(TASK):
Retype, exactly and with nothing added, the lines from the one showing "Digital screen showing" through the final line of the material. Omit pictures.

##### DATA SECTION #####

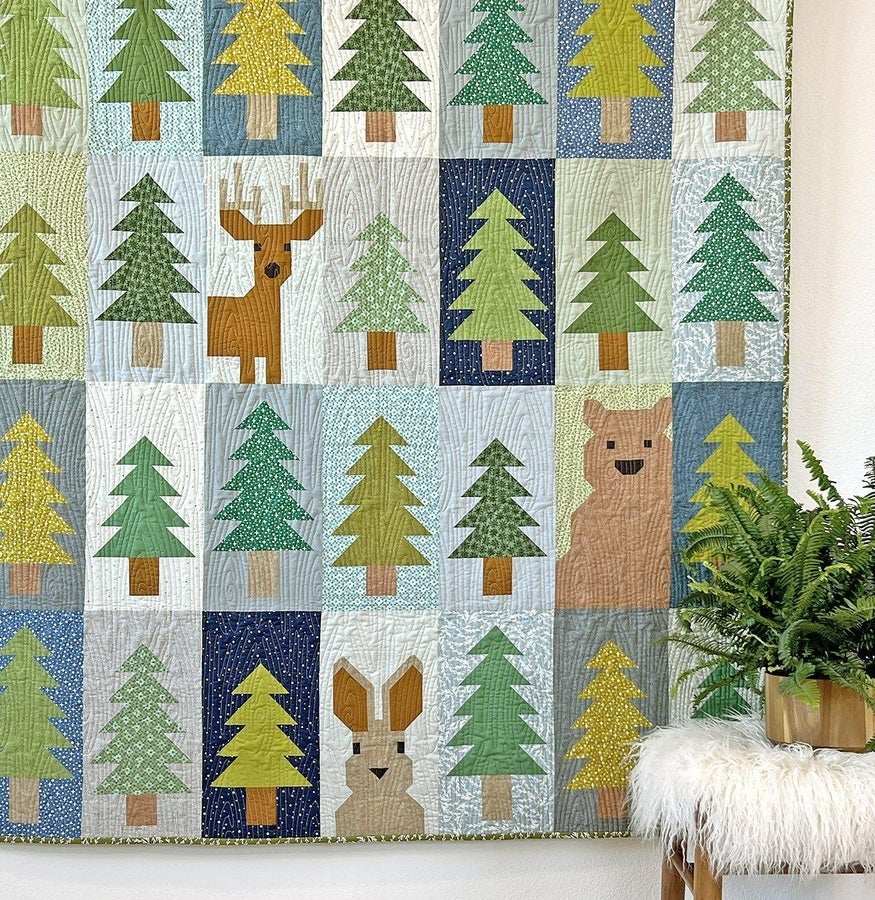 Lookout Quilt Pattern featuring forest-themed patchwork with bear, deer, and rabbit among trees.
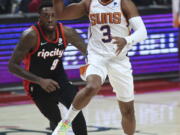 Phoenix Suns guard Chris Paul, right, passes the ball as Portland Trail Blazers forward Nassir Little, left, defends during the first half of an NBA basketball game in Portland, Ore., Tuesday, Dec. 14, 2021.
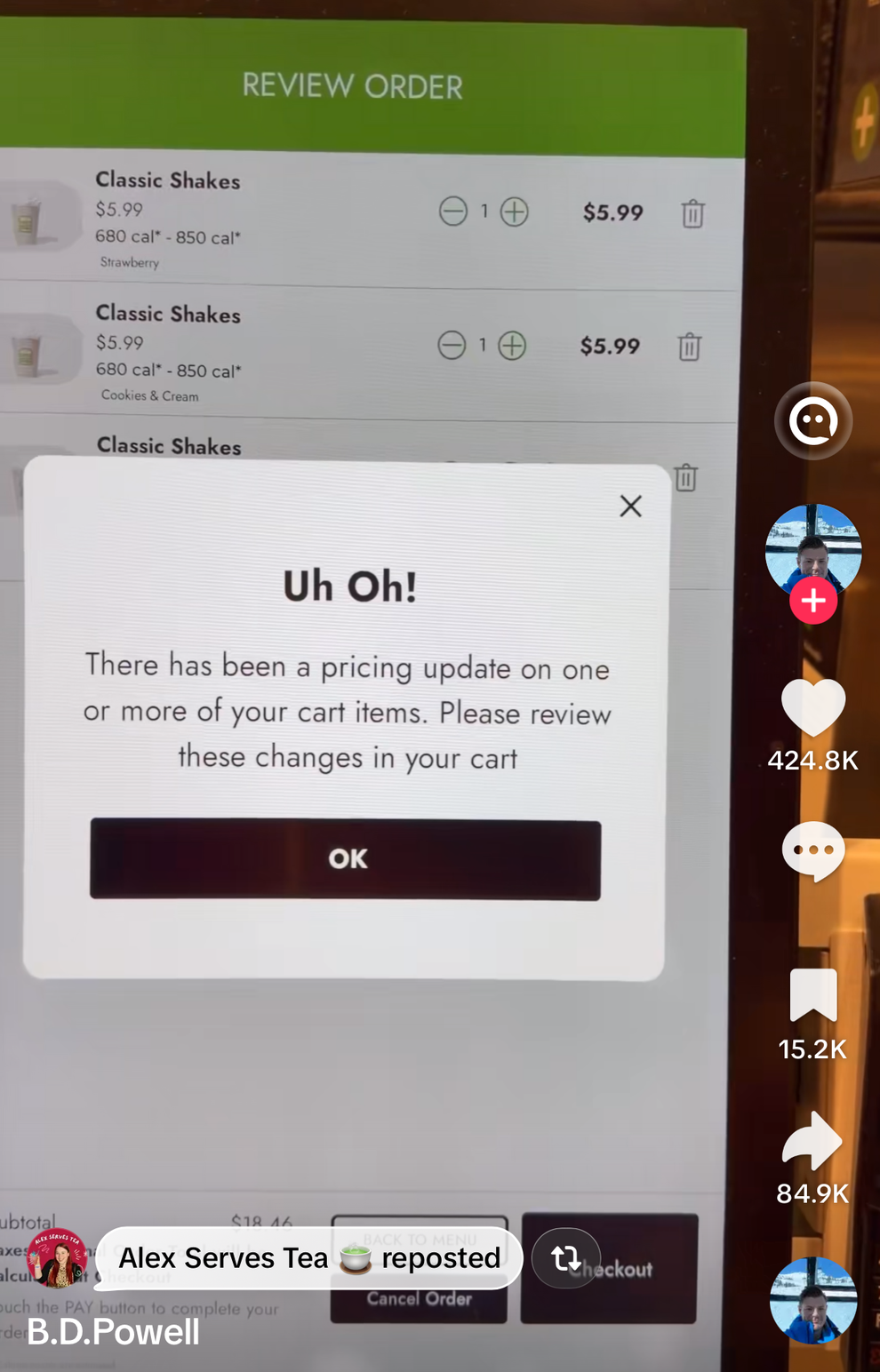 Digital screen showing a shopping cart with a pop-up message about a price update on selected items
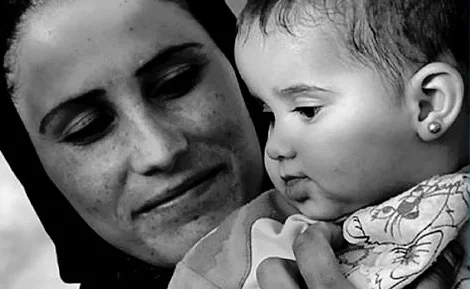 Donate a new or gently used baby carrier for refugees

#####

(RESPONSE AREA):
 Digital screen showing a shopping cart with a pop-up message about a price update on selected items
 Donate a new or gently used baby carrier for refugees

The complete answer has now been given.